The cover depicts a reproduction of a painting by an anonymous artist from the "Historisches Museum der Stadt Wien" of a scene from a Viennese Lodge. South Africa Masons who are familiar with the differences between the rituals in various Constitutions will agree that the layout of this Temple is more similar to our South African/Netherlandic models than either English, Scottish or Irish.
Tracks include "O heiliges Band der Freundschaft treuer Bruder" (Oh, holy bond of the friendship of true Brothers) and the "Gesellenreise" (the Journey of the Fellowcraft) which sings "Die ihr einem neuen Grade der Erkenntnis nun euch naht..." (You who now approach a new Degree of understanding...).

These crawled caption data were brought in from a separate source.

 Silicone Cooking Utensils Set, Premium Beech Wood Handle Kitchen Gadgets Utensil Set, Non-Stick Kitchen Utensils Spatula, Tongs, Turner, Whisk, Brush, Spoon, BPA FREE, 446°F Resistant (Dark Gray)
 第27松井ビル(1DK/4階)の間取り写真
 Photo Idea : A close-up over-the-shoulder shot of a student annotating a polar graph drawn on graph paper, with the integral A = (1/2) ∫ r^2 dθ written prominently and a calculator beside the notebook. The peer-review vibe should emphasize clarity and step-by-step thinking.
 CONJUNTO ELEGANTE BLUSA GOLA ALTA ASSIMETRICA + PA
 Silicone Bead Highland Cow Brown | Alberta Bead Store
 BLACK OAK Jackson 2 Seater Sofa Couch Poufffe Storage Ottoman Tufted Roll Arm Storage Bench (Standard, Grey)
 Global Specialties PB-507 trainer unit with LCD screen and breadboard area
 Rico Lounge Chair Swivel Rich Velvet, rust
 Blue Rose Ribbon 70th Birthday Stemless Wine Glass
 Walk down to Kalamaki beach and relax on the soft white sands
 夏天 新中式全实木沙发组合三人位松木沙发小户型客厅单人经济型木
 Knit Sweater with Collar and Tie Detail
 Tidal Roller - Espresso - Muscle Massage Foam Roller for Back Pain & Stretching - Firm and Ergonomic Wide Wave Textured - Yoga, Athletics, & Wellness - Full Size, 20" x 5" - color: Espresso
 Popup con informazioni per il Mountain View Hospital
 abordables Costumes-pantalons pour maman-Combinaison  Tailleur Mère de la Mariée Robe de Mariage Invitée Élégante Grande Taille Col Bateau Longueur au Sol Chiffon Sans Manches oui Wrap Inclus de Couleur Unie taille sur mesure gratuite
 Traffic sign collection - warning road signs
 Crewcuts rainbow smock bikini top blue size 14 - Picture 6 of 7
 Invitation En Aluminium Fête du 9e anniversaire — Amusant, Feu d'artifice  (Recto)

Special "Maurerische Trauermusik" for a Lodge of Mourning underlines the specific use for which Mozart penned his notes.
"Lasst uns mit geschlungen Handen, Bruder, diese Arbeit enden..." (With clasped hands, brethren, let us end this work...) is the final track.
Tenor Werner Krenn, baritone Tom Krause and the Edinburgh Festival Chorus sing with the London Symphony Orchestra under the Baton of Istvan Kertasz - a memorable musical experience, even for non-Masons.
An indespensible asset to the collection of any Director of Music, the insert leaflet gives translations of the songs in English, French and Italian. The CD is available (probably on order only) from any good classical music store.